First the good news! Save the date! Reception, March 26th from 5:00 p.m. — 6:30 p.m. at the Anderson‐Clarke Center at Rice University. I will have a collage piece in the Instructor‐Student exhibition at the Glasscock School of Continuing Studies. I took a class in collage art last fall that was taught by local artist, Ellen Orseck. The piece that was just accepted for the exhibition was completed during that class. I will share more details as soon as I have them.
Now for this week’s blog:
Have you ever gone on a silent retreat? Previously I have attended one day mindfulness retreats where I spent the day in silent meditation. This was the first time I actually spent the night.….much less three nights.….at a silent retreat.
Micki Fine, of Mindful Living (livingmindfully.org), holds one of these retreats every year. After checking into the Ruah Center on Thursday afternoon, I walked around some of the 70 acres of beautiful land with trees, trails, squirrels and butterflies. Just being in that space at the Villa de Matel is relaxing. I could literally feel my heart beat slow down. My breathing came deeper and easier.
Our time of silence began Thursday evening. Oh my! Everything was so quiet. I actually had trouble falling asleep that first night. The next morning at 7:30 a.m. I was in a meeting room taking part in some stretching exercises before breakfast. All day Friday and Saturday I bounced between sitting meditations, walking meditations, and mindful stretching. I continued to walk the grounds and I even took the opportunity to hug a few trees.

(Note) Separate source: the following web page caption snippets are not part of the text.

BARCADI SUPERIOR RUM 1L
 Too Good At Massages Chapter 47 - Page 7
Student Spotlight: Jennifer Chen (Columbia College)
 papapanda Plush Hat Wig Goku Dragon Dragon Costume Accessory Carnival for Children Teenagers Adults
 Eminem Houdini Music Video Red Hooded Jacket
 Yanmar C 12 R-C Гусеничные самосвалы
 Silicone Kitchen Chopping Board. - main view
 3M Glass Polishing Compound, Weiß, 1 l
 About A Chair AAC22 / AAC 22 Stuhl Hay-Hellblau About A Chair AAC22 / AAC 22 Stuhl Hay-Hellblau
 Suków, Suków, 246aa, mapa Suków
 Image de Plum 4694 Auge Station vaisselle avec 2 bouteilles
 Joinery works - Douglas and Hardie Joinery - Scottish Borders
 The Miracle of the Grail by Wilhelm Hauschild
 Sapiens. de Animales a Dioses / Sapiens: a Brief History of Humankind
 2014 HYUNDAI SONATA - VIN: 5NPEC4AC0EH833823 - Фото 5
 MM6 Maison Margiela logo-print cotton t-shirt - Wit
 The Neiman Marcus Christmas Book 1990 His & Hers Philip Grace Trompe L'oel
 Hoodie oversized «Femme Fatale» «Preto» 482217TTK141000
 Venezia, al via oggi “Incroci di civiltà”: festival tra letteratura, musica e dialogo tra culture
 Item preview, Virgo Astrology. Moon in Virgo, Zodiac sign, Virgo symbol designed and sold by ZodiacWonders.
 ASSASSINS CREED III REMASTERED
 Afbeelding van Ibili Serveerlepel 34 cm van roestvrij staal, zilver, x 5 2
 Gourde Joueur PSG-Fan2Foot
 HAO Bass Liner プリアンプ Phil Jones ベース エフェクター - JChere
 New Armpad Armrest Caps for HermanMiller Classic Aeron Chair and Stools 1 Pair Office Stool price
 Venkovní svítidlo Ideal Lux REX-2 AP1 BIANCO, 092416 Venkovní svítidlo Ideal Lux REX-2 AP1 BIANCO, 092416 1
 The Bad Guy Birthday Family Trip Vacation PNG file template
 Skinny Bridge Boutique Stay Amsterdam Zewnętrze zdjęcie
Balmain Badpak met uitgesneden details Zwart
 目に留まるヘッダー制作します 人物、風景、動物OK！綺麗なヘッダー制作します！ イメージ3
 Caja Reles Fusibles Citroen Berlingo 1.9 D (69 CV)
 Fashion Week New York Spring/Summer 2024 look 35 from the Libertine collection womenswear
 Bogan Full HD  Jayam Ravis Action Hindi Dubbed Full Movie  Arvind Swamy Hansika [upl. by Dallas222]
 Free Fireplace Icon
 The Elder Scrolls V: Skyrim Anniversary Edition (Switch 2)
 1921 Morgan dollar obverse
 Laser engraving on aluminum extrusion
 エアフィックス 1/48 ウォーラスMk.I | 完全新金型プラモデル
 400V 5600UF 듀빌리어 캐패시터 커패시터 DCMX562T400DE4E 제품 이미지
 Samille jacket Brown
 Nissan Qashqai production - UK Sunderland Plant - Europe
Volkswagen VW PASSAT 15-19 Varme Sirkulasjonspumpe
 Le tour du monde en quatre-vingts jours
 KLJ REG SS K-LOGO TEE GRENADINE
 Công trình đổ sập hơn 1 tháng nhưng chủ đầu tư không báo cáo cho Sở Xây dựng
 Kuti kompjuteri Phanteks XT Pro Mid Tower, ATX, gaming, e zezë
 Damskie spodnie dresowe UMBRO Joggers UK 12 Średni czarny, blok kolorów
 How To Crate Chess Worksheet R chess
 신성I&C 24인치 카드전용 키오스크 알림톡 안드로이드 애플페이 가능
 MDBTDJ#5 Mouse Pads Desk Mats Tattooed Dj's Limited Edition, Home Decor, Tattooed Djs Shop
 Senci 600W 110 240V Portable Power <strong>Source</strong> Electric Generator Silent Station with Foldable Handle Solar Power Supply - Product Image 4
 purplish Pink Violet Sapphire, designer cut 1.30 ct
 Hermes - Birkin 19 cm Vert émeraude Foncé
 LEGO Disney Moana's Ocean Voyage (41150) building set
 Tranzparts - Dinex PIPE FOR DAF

The pictures of flowers you see in this blog were taken with my phone as I was leaving the retreat. While I was there, my phone was turned off. I saw no television, radio, tablet, computer or anything else that required either an electrical cord or WiFi connection. The quiet and silence was wonderful. However, I was amazed at how much noise continued in my head even without conversing with any other humans. When walking, I would catch myself whistling songs that popped into my head from nowhere (or my subconscious, whichever comes first). While focused on my breathing and meditating, thoughts would appear in my head. Where did they come from? I pretended they were clouds and let them float across the sky in my mind.
Also, I was instructed not to engage in either reading or writing while I was going through this experience. I am a writer. Yet, I was asked to go for over two days without writing. That was, I believe, the hardest part of the entire experience.
Will I do this again? You bet! Thanks, Micki!